For regulated financial environments, the practical test is whether evidence can show who approved the exception, who reviewed it, and who removed it on expiry. If that cannot be proven, accountability has not been operationalised. NHIMG’s secrets research underscores why this matters: organisations often believe control coverage is stronger than it is, yet exposed credentials and fragmented remediation processes keep opening the same door.

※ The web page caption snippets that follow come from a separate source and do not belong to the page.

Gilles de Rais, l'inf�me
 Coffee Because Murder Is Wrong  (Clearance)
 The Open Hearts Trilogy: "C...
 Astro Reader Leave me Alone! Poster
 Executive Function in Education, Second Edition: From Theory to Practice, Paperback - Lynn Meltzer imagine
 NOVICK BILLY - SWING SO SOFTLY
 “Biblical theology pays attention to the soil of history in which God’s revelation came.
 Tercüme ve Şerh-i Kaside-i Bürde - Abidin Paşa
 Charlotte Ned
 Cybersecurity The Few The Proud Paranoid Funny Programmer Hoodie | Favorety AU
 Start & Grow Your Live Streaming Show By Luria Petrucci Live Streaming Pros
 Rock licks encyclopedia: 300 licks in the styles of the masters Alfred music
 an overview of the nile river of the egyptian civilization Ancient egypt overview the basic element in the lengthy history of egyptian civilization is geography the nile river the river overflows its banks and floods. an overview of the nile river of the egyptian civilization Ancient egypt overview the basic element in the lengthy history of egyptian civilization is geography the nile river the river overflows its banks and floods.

Standards & Framework Alignment

This section maps relevant standards and security frameworks to the operational risks and controls described in this guidance.

OWASP Non-Human Identity Top 10 address the attack and risk surface, while NIST CSF 2.0, NIST SP 800-63, NIST SP 800-53 Rev 5 and NIST AI RMF set the governance and control requirements practitioners need to meet.

Framework Control / Reference Relevance
NIST CSF 2.0 PR.AC-1 Addresses how identities and access permissions must be governed across systems.
NIST SP 800-63 Defines assurance, enrollment, and recovery expectations for digital identity.
NIST SP 800-53 Rev 5 IA-2 Covers identification and authentication requirements for system access.
OWASP Non-Human Identity Top 10 NHI-06 Reinforces governance over credentials and secrets that often bypass MFA.
NIST AI RMF GOVERN Supports clear accountability and oversight for security controls and exceptions.

Assign named owners for access policy, enforcement, and review, then verify MFA is required on every protected path.